Ovidie a touché juste.
L'autrice de La chair est triste hélas, essai féministe et best seller en son genre toujours sur les devantures des librairies ces deux dernières années, a pris la parole sur France Culture, et a suscité une large indignation.
Pourquoi ? Car elle est revenue sur ses convictions intimes. Quitte à scandaliser. Réussi : plus de 1 000 commentaires émaillent son témoignage. C'est colossal. Surtout vu la non-offensivité de sa démarche initiale...
Autrement dit : stopper tout coït hétéro dans la vie de tous les jours, tout désir de séduire les hommes, tout acte sexuel en compagnie de ces messieurs. Une expérience sur laquelle elle est beaucoup revenue et qui cristallise énormément de formes de militances féministes : la grève du sexe, une longue tradition politique, le rapport au regard masculin, les enjeux de séduction, l'acte sexuel ou "capital sexuel" comme composante de la condition féminine, le "marché de la séduction", etc
Arrêter le sexe avec les hommes. Cela n'a l'air de rien, mais l'idée choque... Les femmes.
Ovidie a dit les mots.
Sur France Culture, elle étaye sa prise de position : sa hot take.
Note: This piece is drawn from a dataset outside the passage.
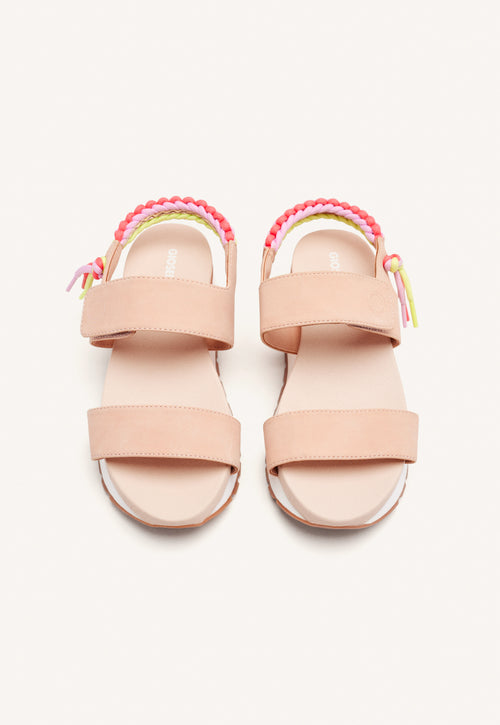 SANDALES DE SPORT MULTICOLORES AVEC DÉTAIL ARRIÈRE POUR FEMME AUSTELL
Relatant : "Ce n'est pas juste arrêter le coït. C'est tout ce que cela implique d'être une femme. C'est arrêter de vivre ce moment où ça fait mal mais que l'on ose pas demander l'interruption du rapport sexuel, l'idée qu'on ait intériorisé la douleur en tant que femme, c'est comme lorsque l'on s'épile le pubis... On croit qu'on fait tout ça pour soi mais on le fait pour l'autre, pour séduire".
Donc on peut le dire : Ovidie a une démarche incarnée, qui semble "radicale", mais tutoie en vérité des actions et pensées féministes traditionnelles, afin d'inciter à la réflexion : quelle est la place de la sexualité dans nos vies ? Pourquoi vouloir toujours séduire l'autre ? Qu'est-ce que cela raconte sur le patriarcat ? La condition féminine et ses injonctions, pressions diverses, comme le makeup, l'adieu au poil, la beauté et l'esthétique en général ? Ainsi que sur nos sexualités à l'heure des applis de rencontre ?
Et surtout : le peu d'attention accordé au plaisir féminin, car il est encore question de cela ?
Il y a matière à méditer.
Ce qui est hallucinant par contre c'est l'abondance de commentaires (des centaines !) engendrés par ce témoignage. Car on observe beaucoup d'hommes, naturellement, mais aussi, beaucoup de femmes, s'indigner de ce qu'Ovidie raconte, sur le compte Instagram de France Culture.
Florilège : "On prend soin de soi, non pas pour être « désirables » mais pour se faire plaisir à soi-même…", "Y a des hommes qui n'ont absolument rien à voir avec ça", "Que c'est réducteur et que c'est triste.", "Elle a jamais dû connaître l'amour"
Commentaires qui témoignent d'un inconfort, d'une certaine résignation, d'un certain déni, d'une envie certainement d'ignorer ces pressions qu'inconsciemment l'on intériorise, en tant que femme, et en tant qu'homme - car les réflexions d'Ovidie embrassent globalement les oppressions patriarcales, qui par définition concernent les deux sexes, toutes celles que Virginie Despentes déjà éclairait dans son indispensable King Kong Théorie.
Tant et si bien que Pénélope Bagieu, l'autrice des Culottées, y va de sa réaction salutaire, qui synthétise avec fluidité un certain constat : "Les commentaires montrent tellement à quel point elle balance un pavé dans la mare en disant ça. Il y en a que ça blesse visiblement si fort d’envisager que plaire aux hommes n’est pas la finalité absolue pour une femme", lit-on encore en commentaire.